BigMPI4py also detects whether a vectorized parallelization using `MPI.Comm.Scatterv()` and
`MPI.Comm.Gatherv()` operations can be used, saving time for object communication.
Check out the tutorial notebook to see how to use BigMPI4py, with many examples inside!
## How to install BigMPI4py
BigMPI4py works on MPI4py, and MPI4py works on MPI, which is an external program. When installing BigMPI4py by conda you won't need to install anything.
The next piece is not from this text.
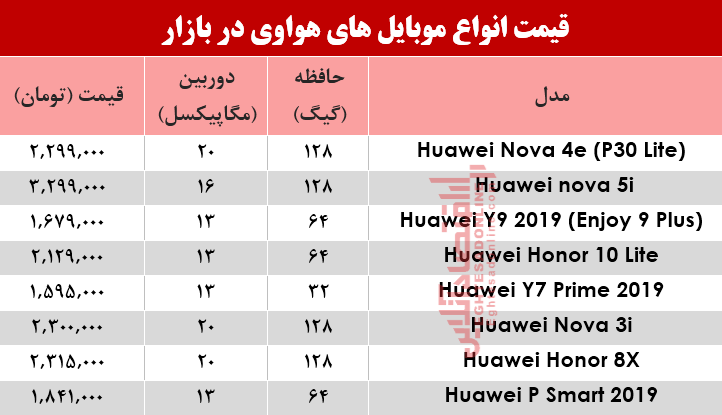 نرخ موبایلهای هوآوی در بازار؟ +جدول نرخ موبایلهای هوآوی در بازار؟ +جدول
If you prefer to install BigMPI4py via pip, you will have to install MPI first.
### Installing via conda
In order to install pip via conda run this command on the terminal:
`conda install -c alexmascension bigmpi4py`
### Installing via pip
BigMPI4py can be installed via pip with:
`pip install bigmpi4py`
MPI must be installed. You can install MPI (and other related libraries) with:
`apt-get install libopenmpi2 openmpi-bin openmpi-common openssh-client openssh-server libopenmpi-dev`
## How to use the notebook
You can download the notebook in any location of your computer. After installing
BigMPI4py, go to the directory where you have downloaded the notebook via the
console, and run
`jupyter notebook`
This will prompt a window where you can run the tutorial. Mind that some files
will be generated in a folder at the same directory where you downloaded the
notebook.
## Error troubleshooting
Most of the errors when running BigMPI4py or MPI4py derive from problems with MPI. Please, make sure no ovelapping versions of MPI exist.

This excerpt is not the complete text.